How did I miss the news that Rod Dreher, my only competitor for primacy among Russian Orthodox/paleocon/pro-“Russian World” super-intellectuals, was dumped by his wife and is getting divorced?
I’ve been so immersed in the news coming out of Eastern Europe—the Russian military is making thrilling progress in its anti-Nazi war, and if, as I think it will, the Kremlin “goes nuclear,” my original hopes for a decimation of the Ukrainian population will prove to have been, if anything, too pessimistic—that I’ve ignored the magnificent developments on the Dreher front.
The big question now is how Dreher will respond to this latest in the disasters and humiliations that God metes out to him. In the past, Dreher seems to have responded to the searing traumas that he collects like my Aunt Harris collected Hummel figurines, or I collect Edwardian smut, by changing religions. The trouble is that he’s running out of religions.
True, there are any number of Protestant denominations out here in the American heartland who would have the Rodster, but peckerwood Protestantism is where he started, and I doubt his amour propre would let him go back to it. Dreher, I’ll bet, sees himself as having risen up in the world. A sensualist and a Francophile, he’s probably too much of a “bells and smells” type to worship in a low-church shack in the pine flats, like his southern ancestors did.
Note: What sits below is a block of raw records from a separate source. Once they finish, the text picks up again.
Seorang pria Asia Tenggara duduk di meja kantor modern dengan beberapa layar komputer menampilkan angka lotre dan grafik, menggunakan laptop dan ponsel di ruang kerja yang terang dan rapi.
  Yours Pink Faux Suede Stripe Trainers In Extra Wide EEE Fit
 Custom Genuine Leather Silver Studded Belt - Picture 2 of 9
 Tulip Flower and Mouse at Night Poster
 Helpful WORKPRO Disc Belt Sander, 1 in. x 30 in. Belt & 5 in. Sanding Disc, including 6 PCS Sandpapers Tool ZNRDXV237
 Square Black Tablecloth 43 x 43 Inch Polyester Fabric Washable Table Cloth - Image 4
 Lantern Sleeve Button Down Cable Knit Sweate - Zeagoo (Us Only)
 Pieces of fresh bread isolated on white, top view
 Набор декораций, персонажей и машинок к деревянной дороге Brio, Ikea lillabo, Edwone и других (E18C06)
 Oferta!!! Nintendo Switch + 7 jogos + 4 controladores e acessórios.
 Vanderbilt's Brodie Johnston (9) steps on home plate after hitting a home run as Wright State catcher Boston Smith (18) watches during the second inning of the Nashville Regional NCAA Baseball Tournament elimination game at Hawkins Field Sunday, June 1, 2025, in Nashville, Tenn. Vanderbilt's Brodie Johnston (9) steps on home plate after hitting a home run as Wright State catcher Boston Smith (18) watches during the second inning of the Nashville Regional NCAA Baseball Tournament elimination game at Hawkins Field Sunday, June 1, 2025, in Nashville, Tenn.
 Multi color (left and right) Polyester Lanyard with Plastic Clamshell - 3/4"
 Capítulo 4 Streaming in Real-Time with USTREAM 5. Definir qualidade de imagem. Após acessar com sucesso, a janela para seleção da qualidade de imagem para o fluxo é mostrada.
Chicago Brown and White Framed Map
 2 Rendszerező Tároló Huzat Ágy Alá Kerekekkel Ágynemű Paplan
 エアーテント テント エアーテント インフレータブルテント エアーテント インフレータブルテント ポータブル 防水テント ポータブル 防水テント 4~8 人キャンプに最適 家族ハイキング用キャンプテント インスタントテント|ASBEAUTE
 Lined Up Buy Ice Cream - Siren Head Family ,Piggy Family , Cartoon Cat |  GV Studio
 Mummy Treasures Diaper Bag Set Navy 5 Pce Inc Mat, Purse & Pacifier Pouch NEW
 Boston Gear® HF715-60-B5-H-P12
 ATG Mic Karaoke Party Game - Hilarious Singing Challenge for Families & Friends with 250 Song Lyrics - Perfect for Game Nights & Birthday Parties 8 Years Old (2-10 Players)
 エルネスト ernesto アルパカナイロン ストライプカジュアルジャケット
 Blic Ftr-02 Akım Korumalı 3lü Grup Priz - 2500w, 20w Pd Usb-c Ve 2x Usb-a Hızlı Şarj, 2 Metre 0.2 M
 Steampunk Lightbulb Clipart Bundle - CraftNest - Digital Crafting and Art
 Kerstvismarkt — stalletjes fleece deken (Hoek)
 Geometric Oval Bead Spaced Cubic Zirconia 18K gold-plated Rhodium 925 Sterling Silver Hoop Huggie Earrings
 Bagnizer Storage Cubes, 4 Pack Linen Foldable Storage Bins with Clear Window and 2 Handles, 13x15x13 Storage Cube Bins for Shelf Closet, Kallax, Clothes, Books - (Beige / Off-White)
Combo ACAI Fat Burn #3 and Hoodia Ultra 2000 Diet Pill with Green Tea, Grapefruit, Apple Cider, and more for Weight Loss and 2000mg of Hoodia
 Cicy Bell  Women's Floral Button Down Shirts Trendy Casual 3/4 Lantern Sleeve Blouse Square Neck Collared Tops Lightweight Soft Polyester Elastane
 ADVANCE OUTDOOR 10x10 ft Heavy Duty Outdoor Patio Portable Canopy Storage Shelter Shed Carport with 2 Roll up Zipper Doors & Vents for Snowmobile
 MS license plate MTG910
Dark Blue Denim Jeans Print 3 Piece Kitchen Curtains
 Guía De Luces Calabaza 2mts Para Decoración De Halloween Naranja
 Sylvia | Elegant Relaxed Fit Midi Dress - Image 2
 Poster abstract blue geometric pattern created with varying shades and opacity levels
Catholicism, meanwhile, is out. Dreher tried that, but the Catholic church (Sow of Rome most vicious and many-nippled) failed him when it emerged that its priests were too often rapists, and he descended into a spiritual crisis/nervous breakdown his discussions of which on his blog over the years still make diverting reading.
His post-Catholic crisis led him to my own beloved Russian Orthodox Church, the world’s most exquisite and moral religious body, and he’s seemed happy with us, if the word “happy” makes sense in the context of Dreher.
If, in this latest of his breakdowns, he leaves Orthodoxy, I think submission to Allah will stand as the only viable choice for him. Somehow a Muslim Dreher makes sense after all these years. I can see him mooning around the Deep South sprawl in full Islamic regalia, his wounded-deer-in-the-headlights eyes blinking out from under his skullcap, his robes swishing above his Teva sandals as he stands in line for his order at the Arby’s in Baton Rouge.
The other option for Dreher, Mother insists, is transsexuality.
“He’s gonna transition hard—hard like a mastadon’s pole,” she croaked last night, sucking on a pin-joint for her glaucoma, clutching the roach-clip in fingers still grimy from the day’s potato planting. “You watch, Johnny. By 2027 he’ll be the first bearded woman to give birth to triplets in Louisiana, the great state of gumbo, jambalaya, D-rated hydraulic levee systems, and Lil Wayne.”
My own marriage, meanwhile, remains quite robust in this, its fifth decade, a fact that I ascribe to Mother’s and my frequent bouts of healthy copulation. I keep my sandals on for maximum floor-grip as I heave away like a Scythian, my icon of Saint Evgeniya Ivanovna, the Leper of Nizhny Novgorod, patroness saint of distended foreskins, gazing down on me from her vantage point above our connubial bed.